Tomlinson's Guide to Northumberland (c. 1912, 504) gives a valuable description of the building prior at least to the second conversion:

'A long, low quadrangular cottage at Old Yeavering .... is said, by tradition, to have formed part of King Edwin's Palace. The masonry is certainly of a very rude type, but there is nothing to show that it belongs to so early a date as the seventh century. The walls are five feet thick, built of porphyry blocks, but not in regular courses, and seemingly without lime. Squared oak posts pass perpendicularly through the middle of the walls, giving stability to them, and supporting the roof. Old doorways and windows, with squared headings, are traceable. It may have been a rude pele-tower, though not of the common type, which has a vaulted chamber on the ground floor.'

There is now no visible evidence of Tomlinsons 'squared oak posts', which is unfortunate, as the description suggests that the building was a survivor of an unusual type, unrecorded elsewhere in the county. The thickness of the walls suggest that it was intended to be a defensible structure, and the use of timber links it to the 'peles' of Tynedale recorded in the 1541 survey. The remains of the substantial wall enclosing the small field on the south may also imply a defensive role, and a barmkin or yard attached to the main building.

Christopher Dacre's 1584 'plat' or map of 'castles and fortresses' (reproduced by Long in Castles of Northumberland, 1967, rear endpaper) shows a line of defensible buildings (indicated by drawings of small house like structures) in this area, including Akeld (presumably the building now known as 'Akeld Castle'), Yeavering, East Newton and West Newton. It seems highly likely that the building shown at Yeavering (which does not figure in the 1541 Border survey) is in fact ' King Edwin's Palace' ; its dimensions (at present 17 x 7 -7.5m, but probably originally a little longer) correspond almost exactly with those of Akeld Bastle (19 x 7.3m), although in its having a stone-vaulted ground floor Akeld is clearly a rather superior building.

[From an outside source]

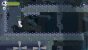 Diese Stacheln sollte man lieber nicht berühren, sie führen zu einem tragischen Insta-Death. Manchmal erscheinen hier die Hitboxen auch ein wenig fraglich.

Conversion to cottages may have taken place In the late 18th or 19th century; only the side walls of the original building seem to have been utilised in these. The west end seems to have been rebuilt a little to the east of the original line. The east end has been similarly rebuilt, although the strangely thick cross wall in the eastern adjunct (otherwise probably of 19th century date) could be the original east wall. The second conversion, to a farm building, in relatively recent years, has erased much of the character of the building.